- _Instructions to follow_: Quote word for word from the line holding "El Ayuntamiento de" to the last line below, including both, and omit any pictures.

- _Material provided_:
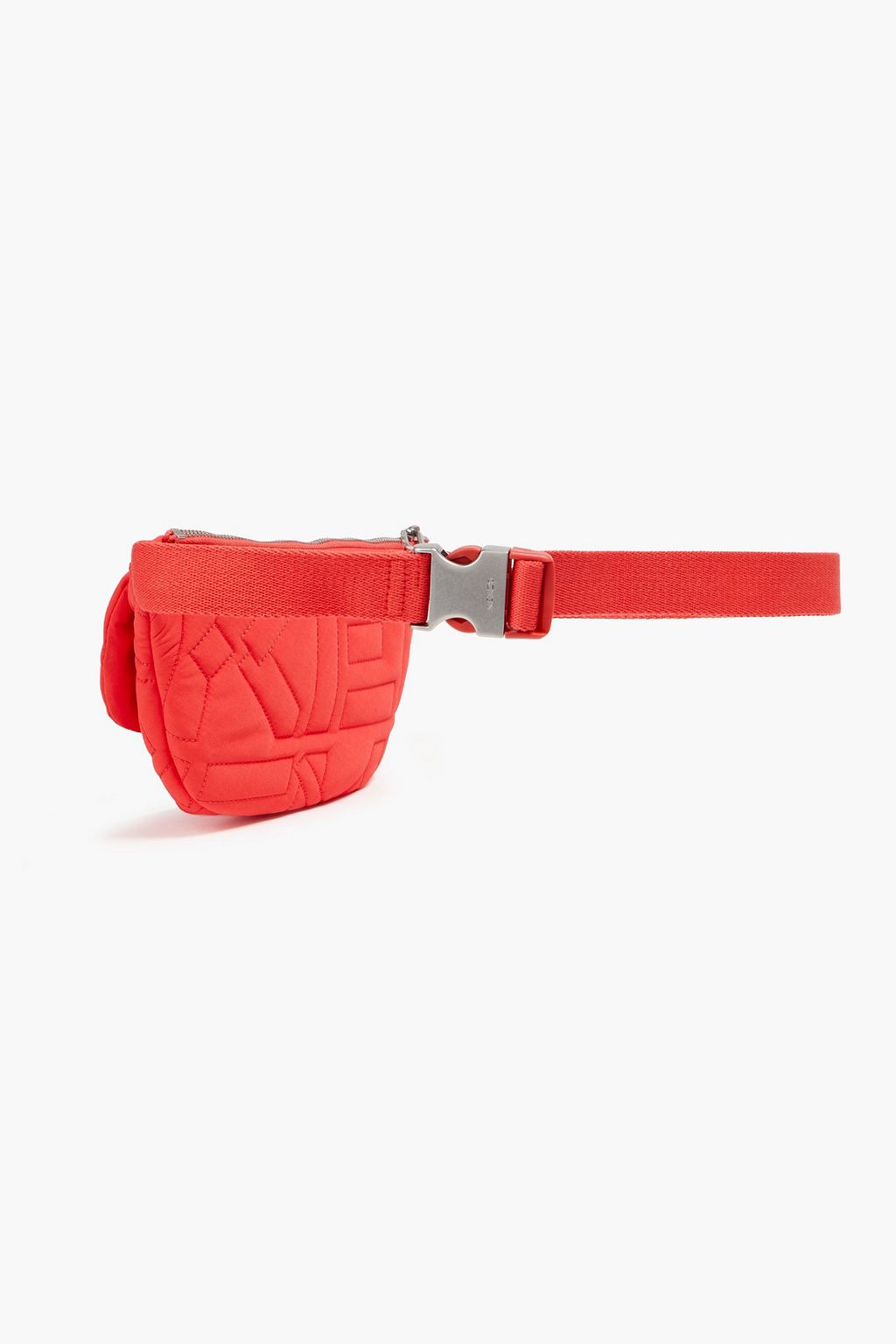 KENZO Quilted shell belt bag THE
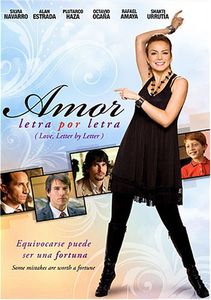 Amor Letra Por Letra , Fernando Becerril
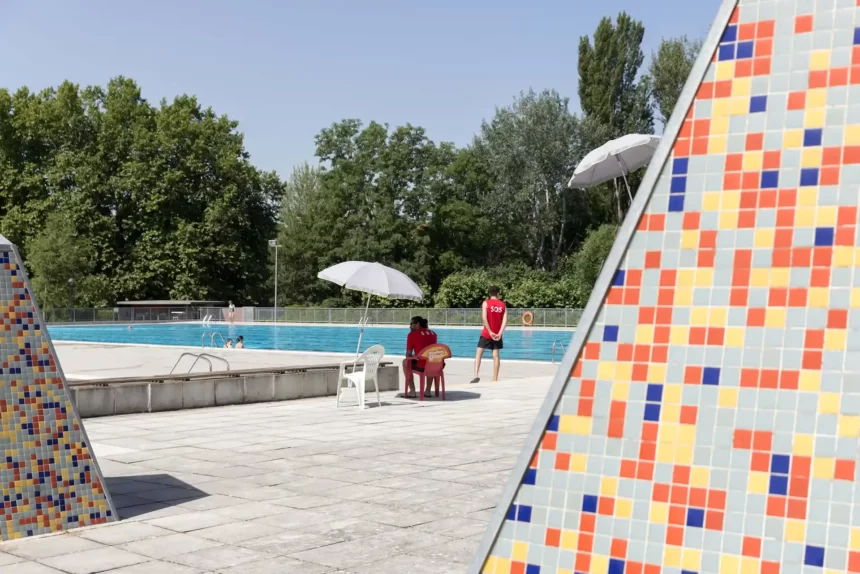 El Ayuntamiento de Pamplona adjudica por 1,2 millones el servicio de portería, socorrismo, mantenimiento y limpieza del Complejo Deportivo Aranzadi y del Aquavox San Jorge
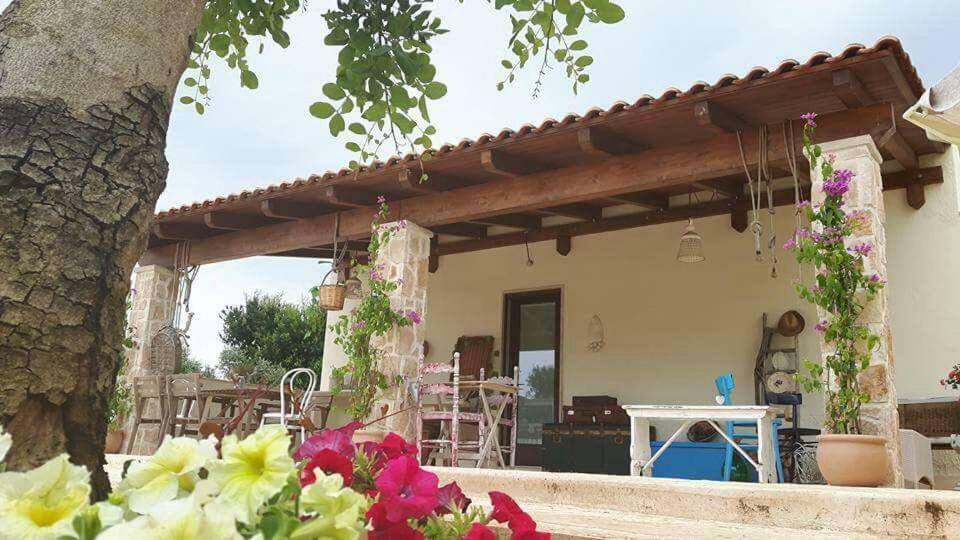 Grano Arso Turistico Holiday home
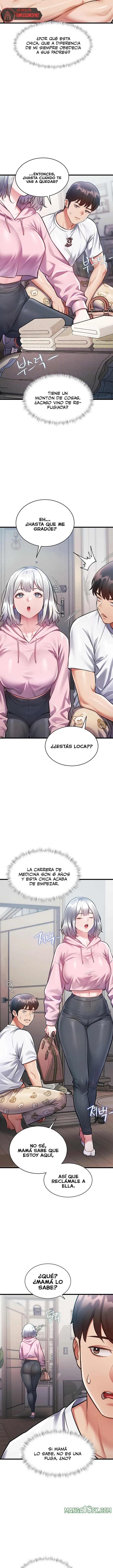 A Theme For Every Building Raw - Chapter 45 Page 4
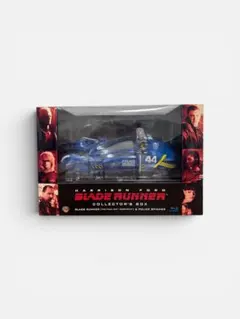 ブレードランナーコレクターズボックス メディコムトイ製 1/18 ポリス
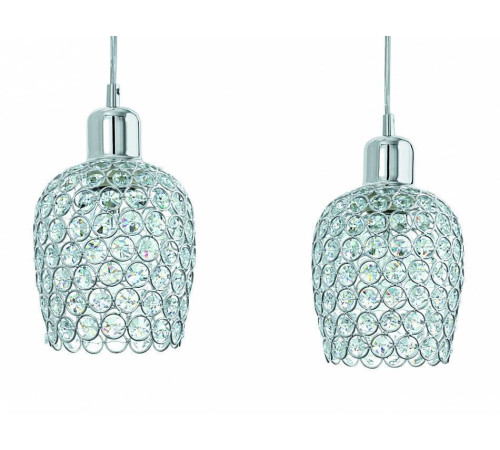 Подвесной светильник Eglo ПРОМО Bonares 1 94897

- _Solution to this problem_:
 El Ayuntamiento de Pamplona adjudica por 1,2 millones el servicio de portería, socorrismo, mantenimiento y limpieza del Complejo Deportivo Aranzadi y del Aquavox San Jorge
 Grano Arso Turistico Holiday home
 A Theme For Every Building Raw - Chapter 45 Page 4
 ブレードランナーコレクターズボックス メディコムトイ製 1/18 ポリス
 Подвесной светильник Eglo ПРОМО Bonares 1 94897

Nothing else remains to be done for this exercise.